§ **Exercise instructions**: Below is a listing. Set down exactly the lines from the one containing "蟹のトマトクリームパスタ🍝" through the one containing "Red_Heavy_Orga", both ends included, and leave out the rest.

====== Data extract

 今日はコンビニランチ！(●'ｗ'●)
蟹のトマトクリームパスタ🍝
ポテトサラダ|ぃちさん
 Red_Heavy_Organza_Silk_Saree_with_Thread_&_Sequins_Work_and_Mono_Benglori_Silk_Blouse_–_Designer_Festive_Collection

============
====== Data extract

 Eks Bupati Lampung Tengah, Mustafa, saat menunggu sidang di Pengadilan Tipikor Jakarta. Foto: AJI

============
====== Data extract

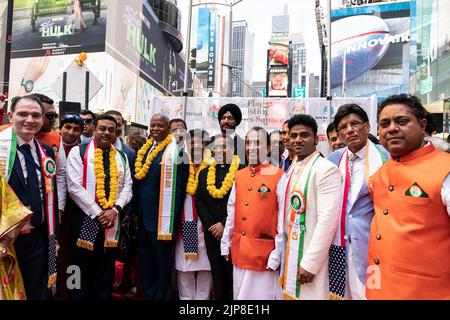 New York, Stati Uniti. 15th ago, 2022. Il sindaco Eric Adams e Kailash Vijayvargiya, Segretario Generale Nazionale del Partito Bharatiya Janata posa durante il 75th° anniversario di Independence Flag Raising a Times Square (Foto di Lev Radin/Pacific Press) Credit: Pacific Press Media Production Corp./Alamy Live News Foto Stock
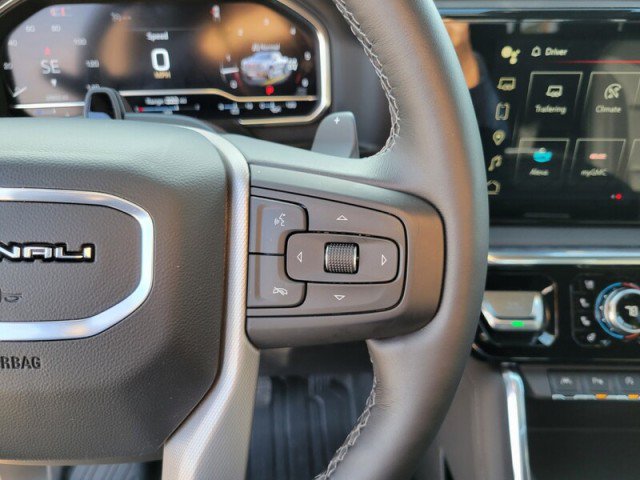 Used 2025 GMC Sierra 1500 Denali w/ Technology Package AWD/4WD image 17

============

§ **Response to the exercise**:
蟹のトマトクリームパスタ🍝
ポテトサラダ|ぃちさん
 Red_Heavy_Organza_Silk_Saree_with_Thread_&_Sequins_Work_and_Mono_Benglori_Silk_Blouse_–_Designer_Festive_Collection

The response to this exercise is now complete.